Russell Coutts said early on in this Cup cycle that his new vision for the event was designed to “meet the expectations of the Facebook generation, not the Flintstone generation”. However, the Flintstones generation of America’s Cup sailors - Russell Coutts included - have not stepped aside willingly. There are plenty of 40- and 50-somethings on the sailing crews of Oracle Team USA, and to a less extent on Emirates Team New Zealand and Artemis Racing.

However December was a bad month for the Flintstones, with the 44-year-old skipper of Artemis, Terry Hutchinson, forced to stand aside for the younger members of the afterguard on the Swedish team. The 36-year-old triple Olympic medallist Iain Percy has been appointed sailing team director and it seems highly likely that recent recruit Nathan Outteridge, the 26-year-old 49er Olympic Champion from Australia, will become take Hutchinson’s job at the wheel of the team’s AC72 catamaran.

Even if Outteridge’s nascent talent for making a high-performance boat go fast makes him the more obvious candidate for steering an unknown beast like the AC72, it’s surprising that the dedicated American has had to quit the team altogether. His departure from Artemis marks a great loss of America’s Cup experience for the Swedish team.

Hutchinson was diplomatic when pushed for his reaction: "I am very proud of my tenure as the skipper and helmsman of Artemis Racing. On the water I experienced an aspect of our sport that was new, exciting and this challenge culminated in the 2012 ACWS match racing championship. Ashore, I had the opportunity to work with some incredibly smart and talented people. I wish nothing but success for Artemis Racing and I thank Torbjorn Tornqvist for this opportunity."

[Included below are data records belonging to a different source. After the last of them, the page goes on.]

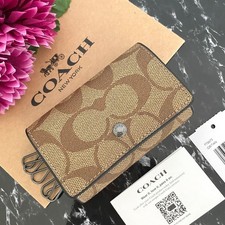 New COACH Key Case Khaki Men s Women s 23a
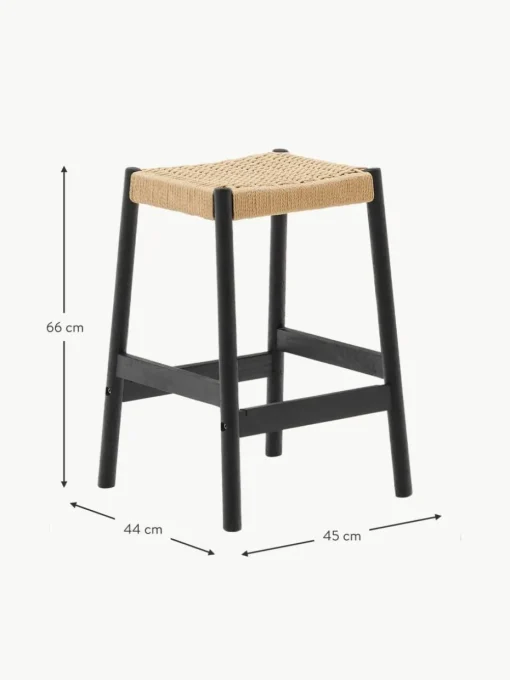 Eichenholz-Thekenhocker Yalia mit geflochtener Sitzfläche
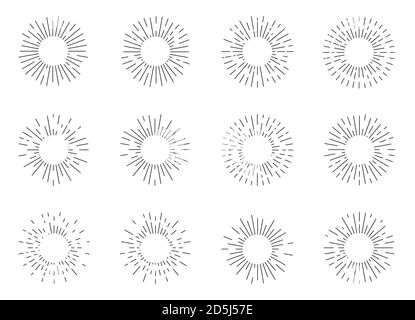 Radiant sun burst shapes set. Design elements vintage hipster style light rays frames for retro logo or emblem. Black linear doodle of sunburst firework. Sunlight symbol. Isolated vector illustration Stock Vector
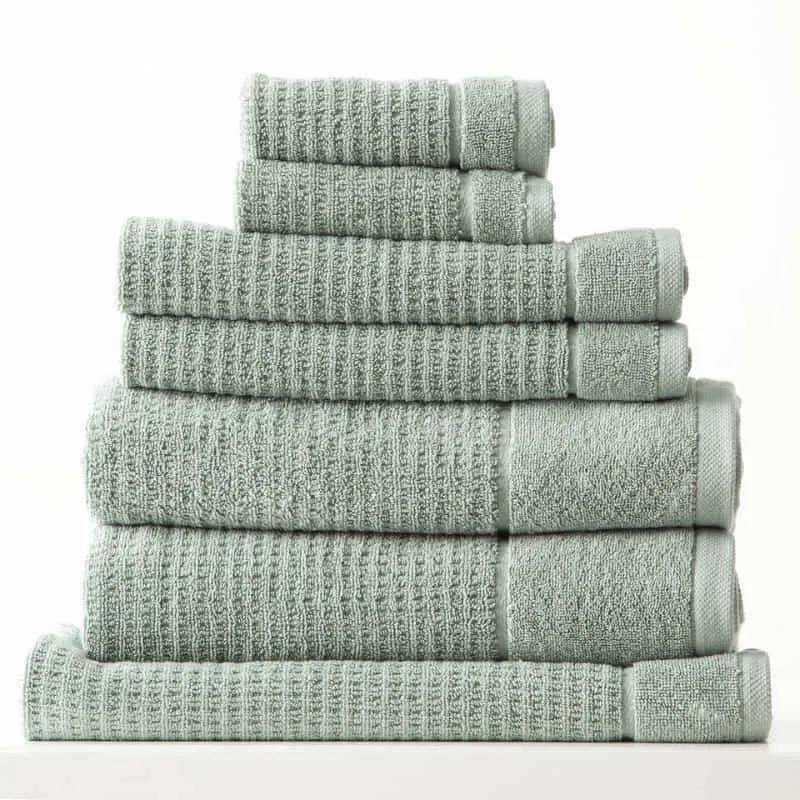 Renee Taylor Cambridge Textured 7 Piece Eucalyptus Towel Pack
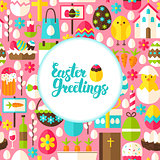 Flat Easter Greetings Postcard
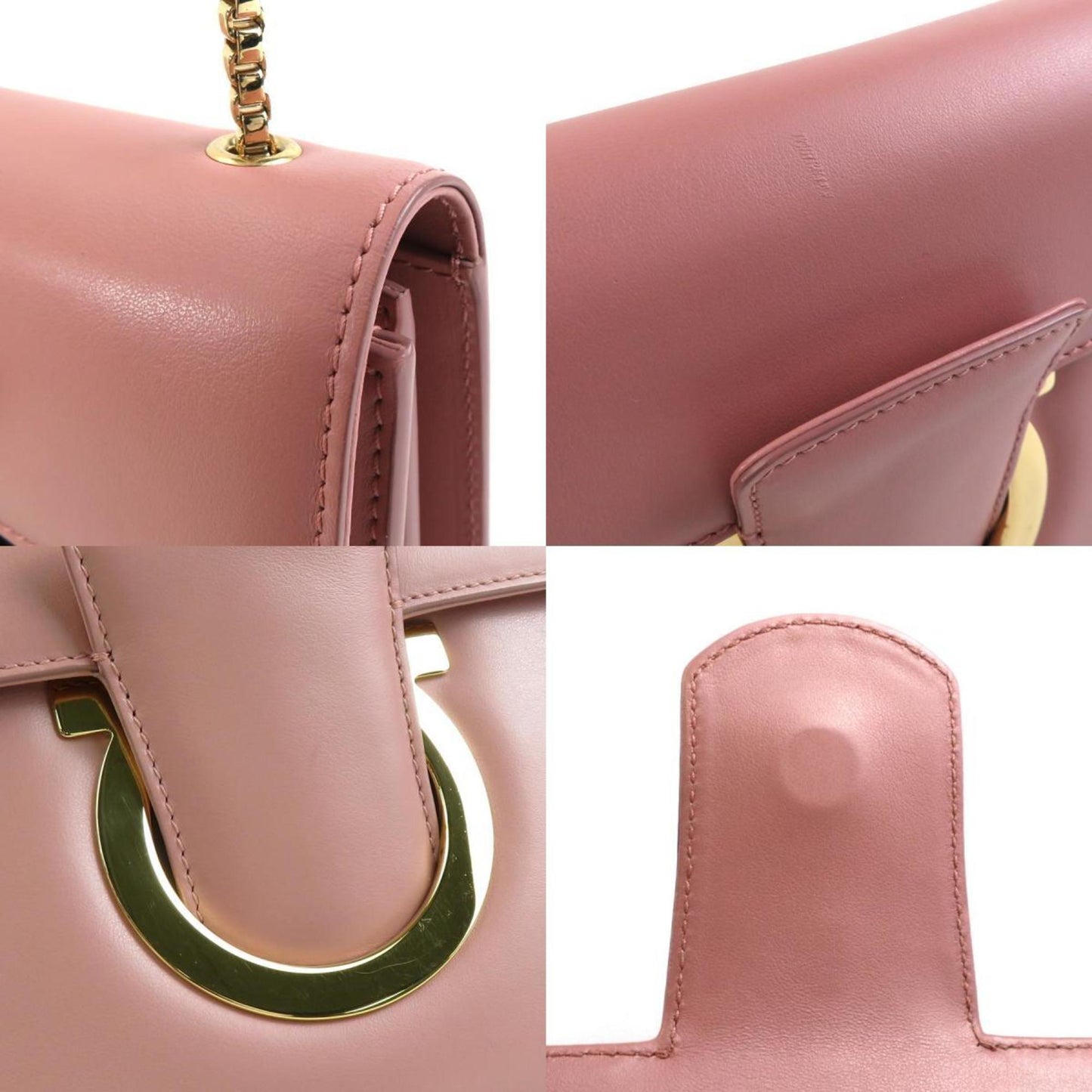 Salvatore Ferragamo Pink Leather Gancini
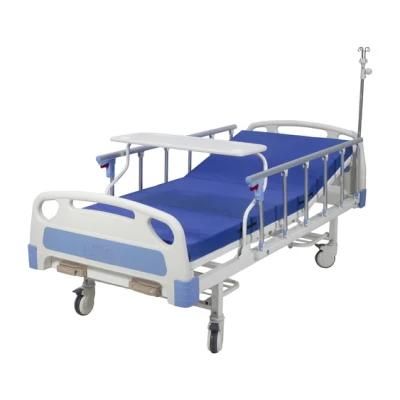 Rh-BS118 2-Function Adjustable Crank Manual Fowler Bed: Hospital Nursing Furniture with Overbed Table Accessory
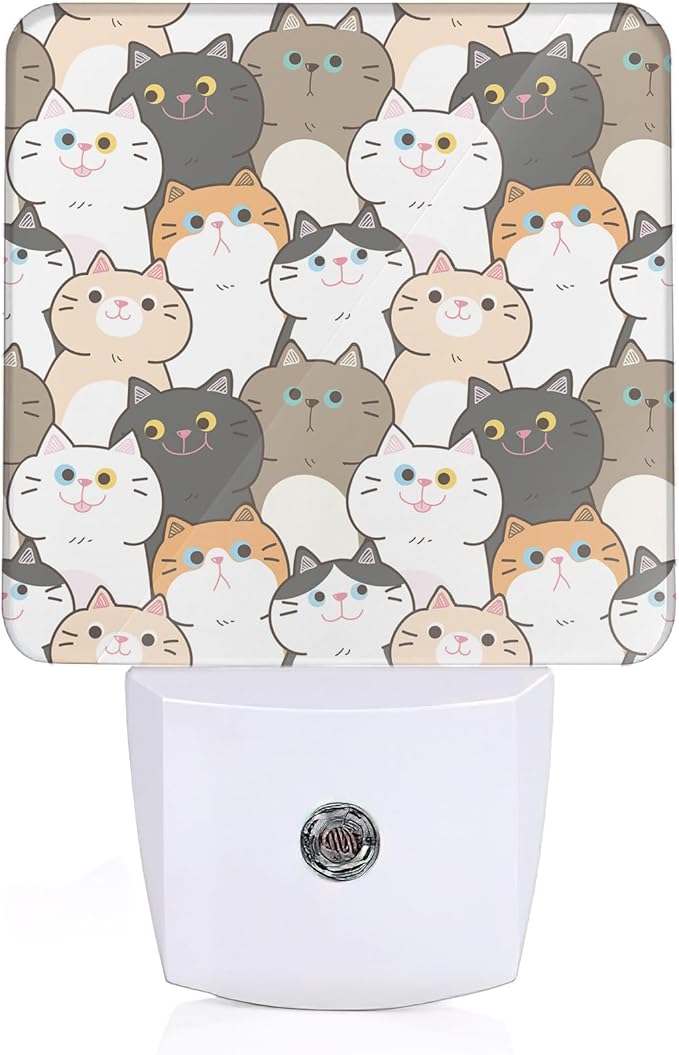 Cute Cats Night Light with Dusk to Dawn Light Sensors, Plug-in Wall Led Night Lights, Energy Efficient Lamp for Bedroom/Bathroom/Kitchen/Hallway/Stairs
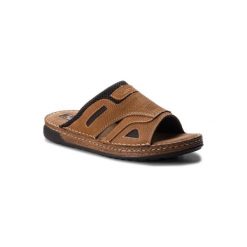 LASOCKI FOR MEN MI20-516. Pomarańczowe kapcie męskie Lasocki For Men, ze skóry. Za 99,99 zł.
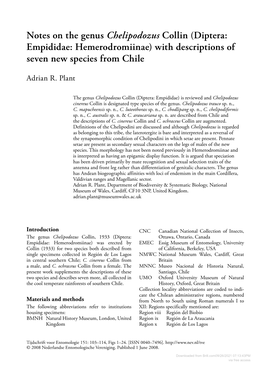 Notes on the Genus Chelipodozus Collin (Diptera: Empididae: Hemerodromiinae) with Descriptions of Seven New Species from Chile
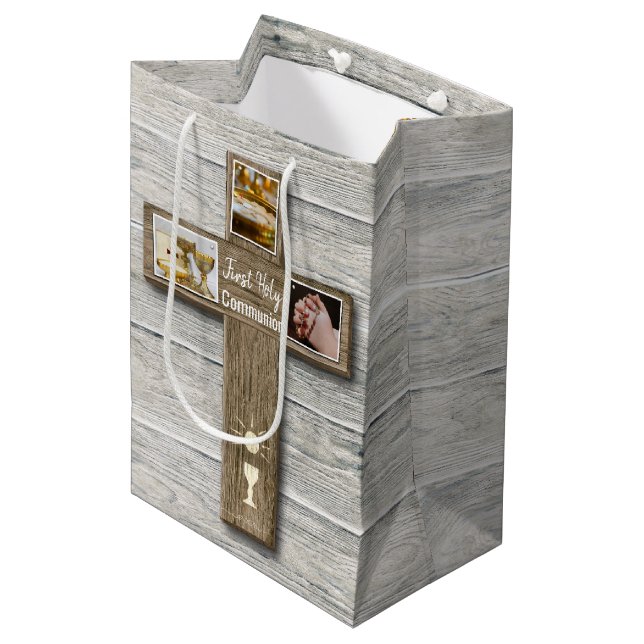 Rustic Wood Cross First Holy Communion Medium Gift Bag (Front Angled)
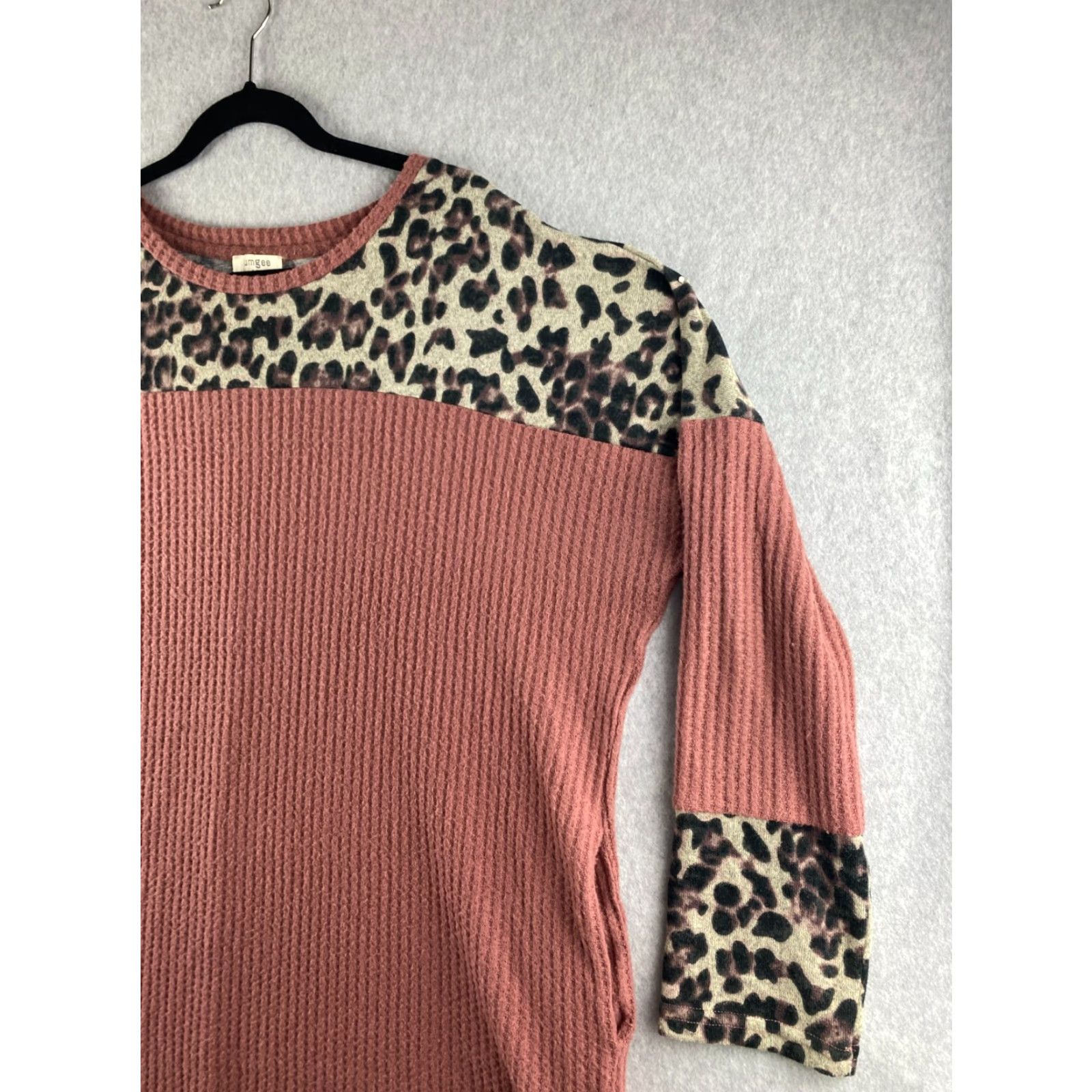 Pinko UMGEE Sweater Womens Medium M Pink Leopard Print Pullover Waffle Knit Knit? Size M / US 6-8 / IT 42-44 - 7 Thumbnail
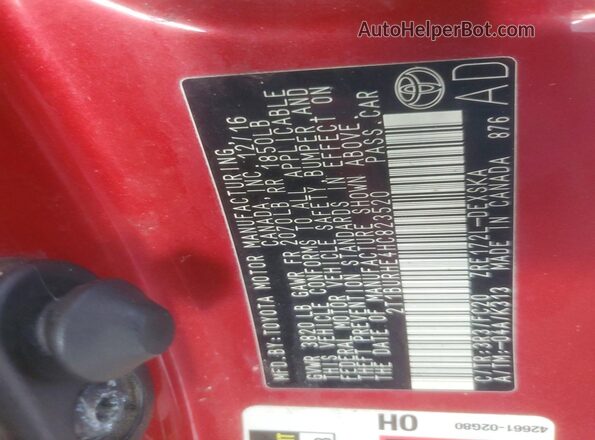 2T1BURHE4HC823520 2017 TOYOTA COROLLA Red 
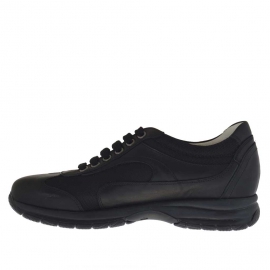 Men's sports shoe with laces in black leather and fabric - Available sizes:  36 2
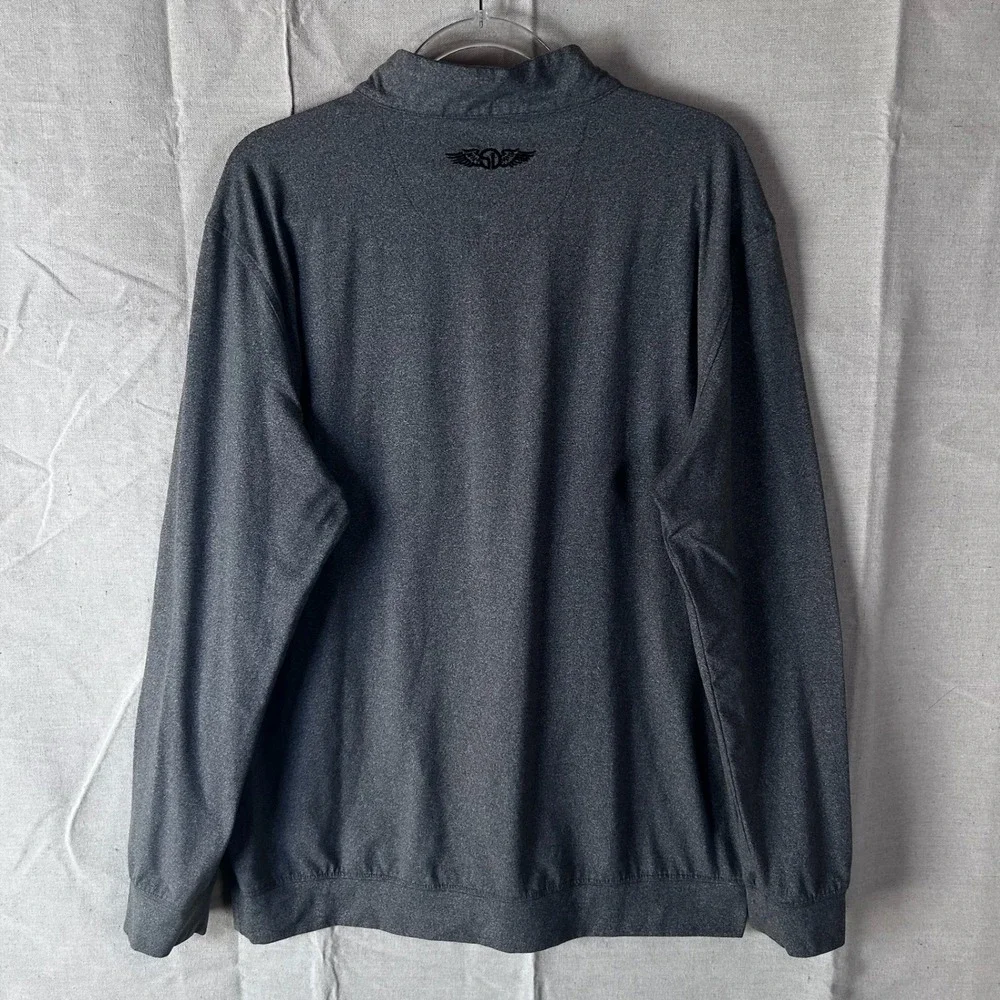 Straight Down Mens XXL Gray Heather Quarter Zip Golf Pullover Performance Shirt‎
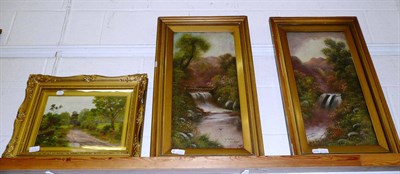 Lot 326 - Pair of 19th century gilt-framed watercolour landscapes and a gilt framed oil on board, country...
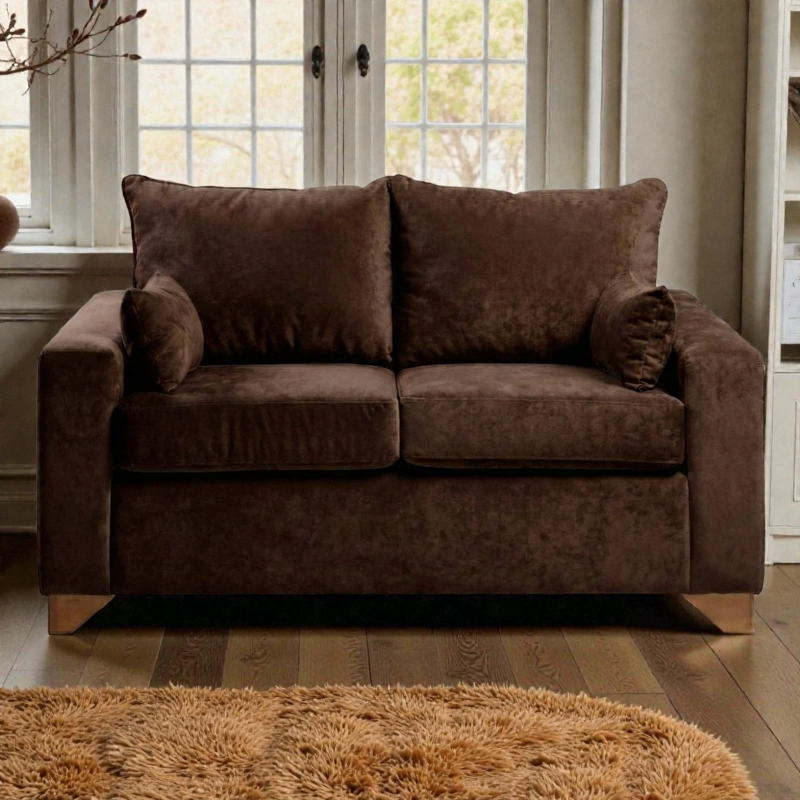 SOFA STEFANNY EN FELPA CHOCOLATE - 1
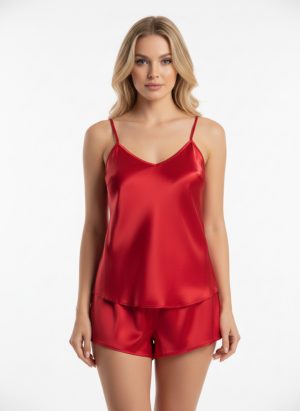 Shine piros szatén short szett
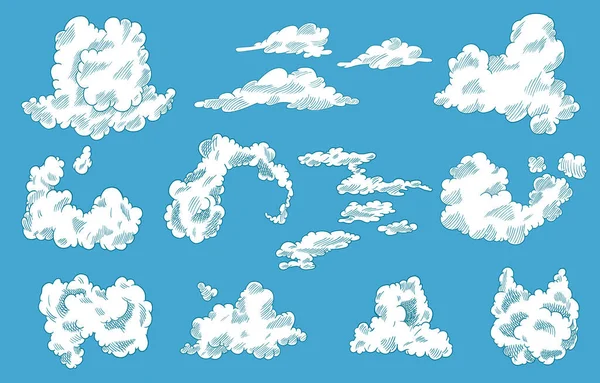 Nubes vectoriales dibujadas a mano Diseño de cielo retro vintage. Esbozo grabado. Nubes abstractas de garabatos. Línea de arte — Vector de stock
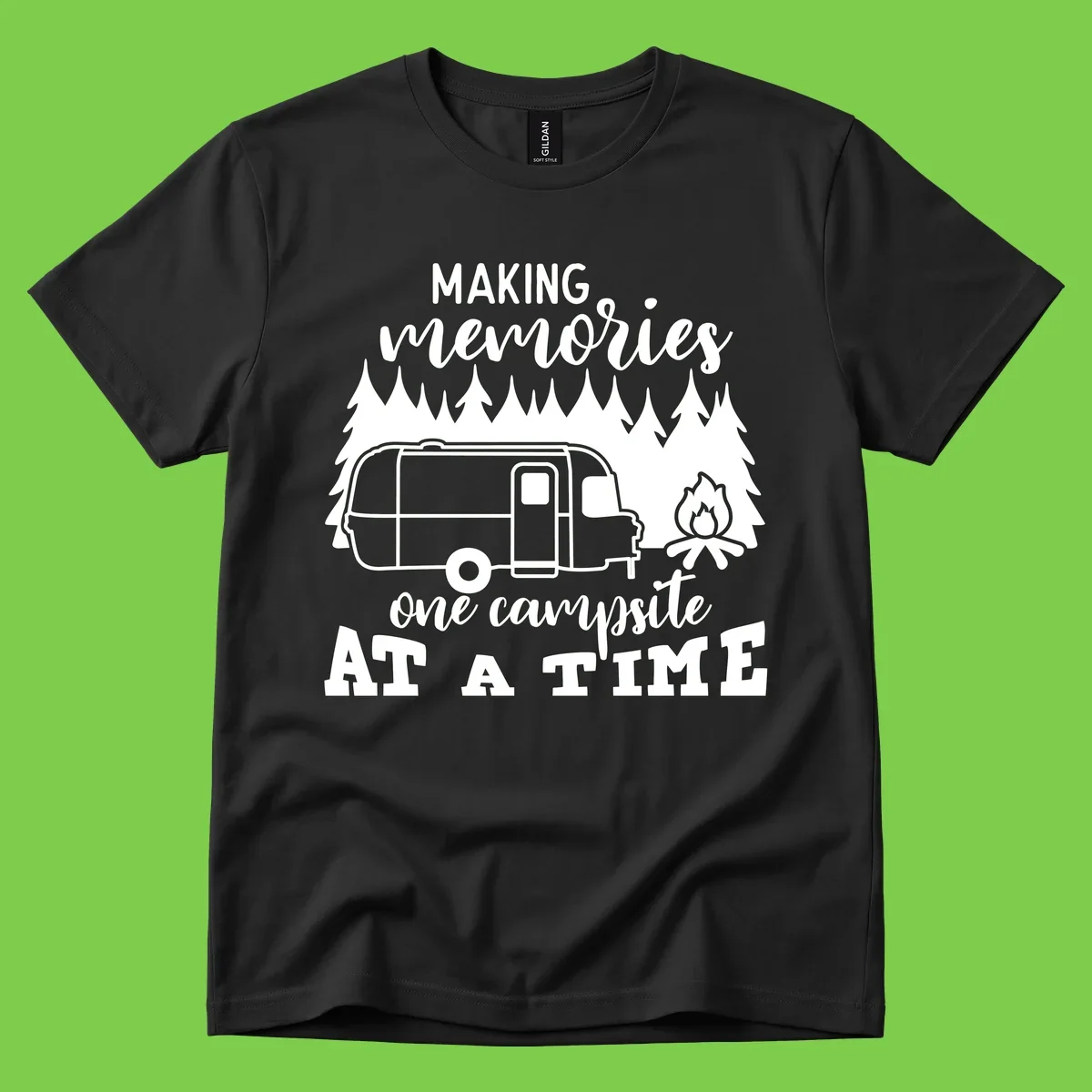 Vintage Airstream trailer parked among evergreen trees with a campfire, text reading Making Memories One Campsite At A Time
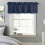 Cortina de couro bovino azul-marinho com bolso para varão, 152 x 46 cm (60 x 18 polegadas), estilo rústico, com textura de couro, ideal para 3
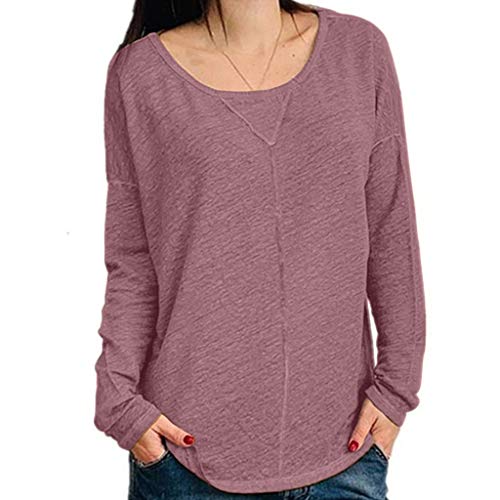 WARMWORD Mujer Tops Color sólido Mujer Cuello Redondo Camiseta Casual Manga Larga tee Camisas Moda Blusa de Las señoras Blusas para Mujer Otoño Talla Grande S-5XL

Hutchinson was one of very few high profile Americans in any of the four teams that will contest the Louis Vuitton Cup and America’s Cup in San Francisco next year. The only others that come to mind are the team boss of Artemis, Paul Cayard, and Oracle’s tactician John Kostecki who finds himself drowning in a sea of Antipodeans in the American team. One can’t imagine that will play particularly well with the home crowd in San Francisco. So at least the Red Bull Youth America’s Cup will be a largely American affair. Recent weeks in San Francisco have seen six young crews from around the USA come to try their hand at AC45 sailing under the tutelage of Oracle’s coaching staff. The best of them will go forward to contest the Red Bull Youth America’s Cup next September, as a hor’s d’oeuvre before the main event, the America’s Cup proper.

While the senior team at Oracle wait to get their broken 72-foot toy back after that ignominious capsize, all the hard yards are being made in Auckland by Team New Zealand and Luna Rossa, the Kiwis and Italians at this early stage looking well ahead of the Americans and Swedish in the arms race. As the defender waits to receive a replacement wing for the one that was obliterated in October, the Kiwis are just weeks from launching their second and final AC72.